Лошадь сдохнет… Мокеев вдруг с особой силой почувствовал, какой тяжестью давят на плечи шинельная скатка, ремень автомата, лямки вещмешка. В груди закололо. И чего не пошел в санчасть?
— Вот что, Мокеев. Тебе хочу помочь. — Косарев зачем-то оглянулся по сторонам. — Дотянем вон до тех кустов, — он указал вперед рукой, — и залепим скачок в сторону. Ясно?
— Как это… в сторону? — спросил Мокеев, хотя отлично все понял.
— А так… Сворачиваем — и наперерез. Трассу я как свои пять пальцев… Зимой здесь на лыжах… Не впервой, да ты не дрейфь. Все будет тип-топ.
Мокееву стало душно. Он потянулся к воротнику, хотя тот и так был расстегнут. А как же ребята, Герка Нефедов?.. Служил-то Виктор честно. Трудно было, но чтобы обмануть… Возможно, и выделял его поэтому Герка Нефедов.

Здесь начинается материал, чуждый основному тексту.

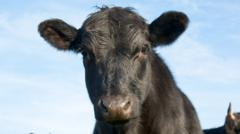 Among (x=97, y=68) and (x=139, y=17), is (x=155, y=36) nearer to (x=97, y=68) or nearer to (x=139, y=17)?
(x=139, y=17)

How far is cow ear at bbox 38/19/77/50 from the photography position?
36.4ft

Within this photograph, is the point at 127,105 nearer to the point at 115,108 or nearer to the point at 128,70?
the point at 115,108

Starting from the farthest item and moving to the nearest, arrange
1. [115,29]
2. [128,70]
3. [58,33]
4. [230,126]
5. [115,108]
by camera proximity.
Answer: [230,126]
[58,33]
[115,29]
[128,70]
[115,108]

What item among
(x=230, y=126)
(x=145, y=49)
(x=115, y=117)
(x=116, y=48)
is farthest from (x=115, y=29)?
(x=230, y=126)

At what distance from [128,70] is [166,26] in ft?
4.90

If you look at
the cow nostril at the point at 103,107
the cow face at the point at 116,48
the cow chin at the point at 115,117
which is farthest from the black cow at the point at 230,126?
the cow nostril at the point at 103,107

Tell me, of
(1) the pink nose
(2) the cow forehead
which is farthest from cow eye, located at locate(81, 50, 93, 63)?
(1) the pink nose

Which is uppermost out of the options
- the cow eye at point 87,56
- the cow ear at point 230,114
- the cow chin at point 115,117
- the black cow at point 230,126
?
the cow eye at point 87,56

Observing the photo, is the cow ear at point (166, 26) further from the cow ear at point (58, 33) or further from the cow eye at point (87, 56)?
the cow ear at point (58, 33)

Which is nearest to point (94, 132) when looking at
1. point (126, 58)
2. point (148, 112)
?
point (148, 112)

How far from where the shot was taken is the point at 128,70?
9.75m

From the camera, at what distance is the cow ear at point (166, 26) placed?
426 inches

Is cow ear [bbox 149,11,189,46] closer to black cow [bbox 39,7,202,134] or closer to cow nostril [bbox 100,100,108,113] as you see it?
black cow [bbox 39,7,202,134]

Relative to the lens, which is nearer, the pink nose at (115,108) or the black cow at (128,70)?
the pink nose at (115,108)
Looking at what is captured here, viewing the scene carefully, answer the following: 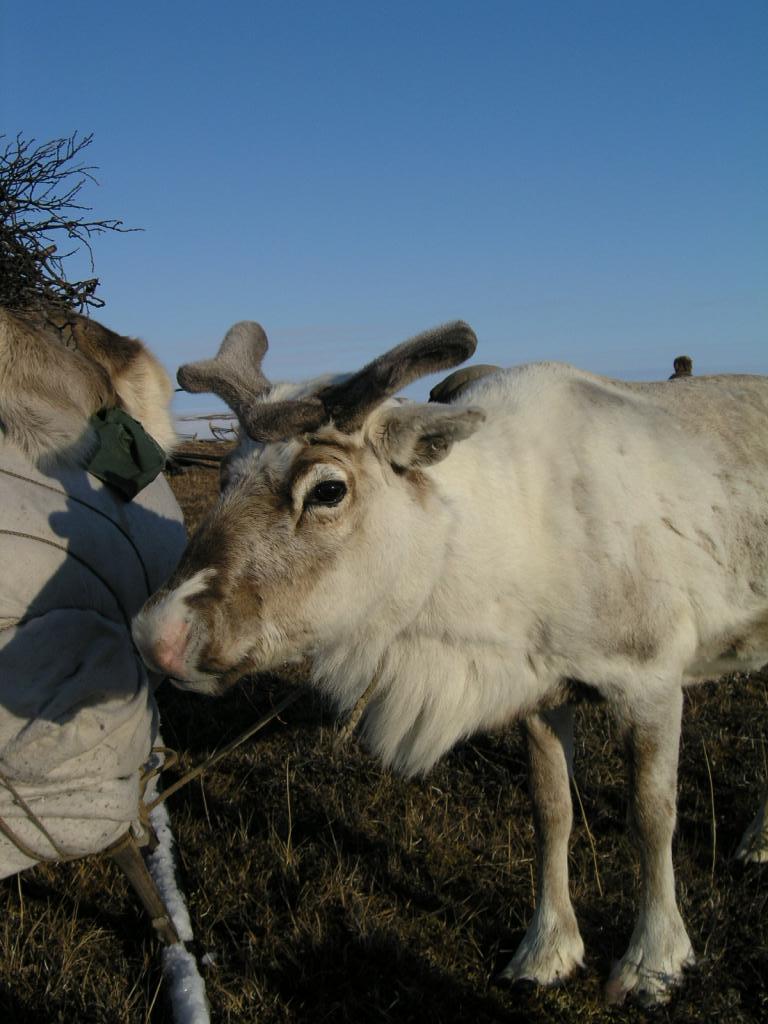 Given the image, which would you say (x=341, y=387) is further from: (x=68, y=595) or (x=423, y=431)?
(x=68, y=595)

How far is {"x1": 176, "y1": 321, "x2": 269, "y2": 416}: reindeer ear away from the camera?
317 centimetres

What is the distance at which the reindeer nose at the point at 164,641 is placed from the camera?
2457mm

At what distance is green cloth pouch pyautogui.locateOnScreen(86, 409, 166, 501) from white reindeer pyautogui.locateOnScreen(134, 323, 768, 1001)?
291 millimetres

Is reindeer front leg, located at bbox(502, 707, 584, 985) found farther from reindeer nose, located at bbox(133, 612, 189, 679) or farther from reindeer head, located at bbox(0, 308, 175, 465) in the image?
reindeer head, located at bbox(0, 308, 175, 465)

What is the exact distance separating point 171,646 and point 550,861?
6.82 ft

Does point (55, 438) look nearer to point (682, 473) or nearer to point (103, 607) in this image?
point (103, 607)

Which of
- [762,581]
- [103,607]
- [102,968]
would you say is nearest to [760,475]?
[762,581]

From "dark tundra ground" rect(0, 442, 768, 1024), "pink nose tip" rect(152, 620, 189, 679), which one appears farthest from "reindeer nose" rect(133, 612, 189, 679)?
"dark tundra ground" rect(0, 442, 768, 1024)

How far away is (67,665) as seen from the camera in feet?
8.97

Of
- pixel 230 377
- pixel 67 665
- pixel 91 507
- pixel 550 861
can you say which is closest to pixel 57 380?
pixel 91 507

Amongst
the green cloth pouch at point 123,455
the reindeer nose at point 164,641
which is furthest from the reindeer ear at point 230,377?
the reindeer nose at point 164,641

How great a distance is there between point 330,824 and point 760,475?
2616 millimetres

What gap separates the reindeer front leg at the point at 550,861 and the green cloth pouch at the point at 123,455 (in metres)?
Answer: 1.92

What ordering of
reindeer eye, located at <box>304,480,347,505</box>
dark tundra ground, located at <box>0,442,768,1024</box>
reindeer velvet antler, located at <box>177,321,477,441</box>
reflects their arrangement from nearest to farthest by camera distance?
reindeer velvet antler, located at <box>177,321,477,441</box>, reindeer eye, located at <box>304,480,347,505</box>, dark tundra ground, located at <box>0,442,768,1024</box> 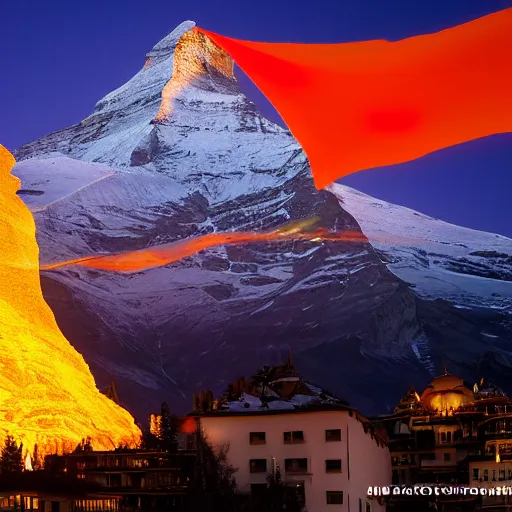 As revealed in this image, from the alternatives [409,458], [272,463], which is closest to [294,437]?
[272,463]

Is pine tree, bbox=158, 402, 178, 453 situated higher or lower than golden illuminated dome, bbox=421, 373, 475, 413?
lower

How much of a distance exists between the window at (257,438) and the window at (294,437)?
657 millimetres

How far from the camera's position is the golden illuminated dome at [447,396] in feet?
162

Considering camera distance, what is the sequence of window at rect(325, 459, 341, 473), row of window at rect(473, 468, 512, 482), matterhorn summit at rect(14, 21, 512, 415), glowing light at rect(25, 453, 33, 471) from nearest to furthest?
glowing light at rect(25, 453, 33, 471) < window at rect(325, 459, 341, 473) < row of window at rect(473, 468, 512, 482) < matterhorn summit at rect(14, 21, 512, 415)

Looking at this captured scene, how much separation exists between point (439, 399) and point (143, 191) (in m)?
21.9

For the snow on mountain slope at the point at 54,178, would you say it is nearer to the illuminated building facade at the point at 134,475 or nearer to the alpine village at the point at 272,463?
the alpine village at the point at 272,463

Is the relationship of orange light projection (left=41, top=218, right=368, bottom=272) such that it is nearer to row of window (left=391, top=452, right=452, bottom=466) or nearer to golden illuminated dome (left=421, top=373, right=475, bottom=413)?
golden illuminated dome (left=421, top=373, right=475, bottom=413)

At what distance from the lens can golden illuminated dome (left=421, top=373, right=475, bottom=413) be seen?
162ft

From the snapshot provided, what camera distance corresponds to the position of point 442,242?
6962 centimetres

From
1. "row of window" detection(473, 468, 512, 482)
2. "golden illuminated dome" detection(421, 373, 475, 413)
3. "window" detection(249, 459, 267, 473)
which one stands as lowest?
"row of window" detection(473, 468, 512, 482)

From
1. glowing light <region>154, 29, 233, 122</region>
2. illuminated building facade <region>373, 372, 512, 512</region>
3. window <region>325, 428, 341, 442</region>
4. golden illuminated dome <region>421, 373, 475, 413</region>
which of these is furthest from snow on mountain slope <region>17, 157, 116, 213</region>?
window <region>325, 428, 341, 442</region>

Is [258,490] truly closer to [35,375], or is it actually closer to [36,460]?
[36,460]

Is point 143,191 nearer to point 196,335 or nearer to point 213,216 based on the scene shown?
point 213,216

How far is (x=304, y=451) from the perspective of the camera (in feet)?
118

А кустарник быстро надвигался. Справа он подходил к самой дороге. Кусты были не ахти какие высокие, но с густой, плотной листвой. При необходимости в них могли укрыться не только двое, а весь дивизион. Оставалось до них метров сто, но что-то удерживало Виктора. Сомнения терзали его больше, чем боль в стертых ногах.
Когда же они поравнялись с кустами и Косарев жарко зашептал: «Сворачиваем. Тут в самый раз», Мокеев отрицательно замотал головой:
— Нет-нет. Здесь увидят. Вон там.
Виктор указал на новую гряду кустов, метрах в трехстах, более высокую и густую.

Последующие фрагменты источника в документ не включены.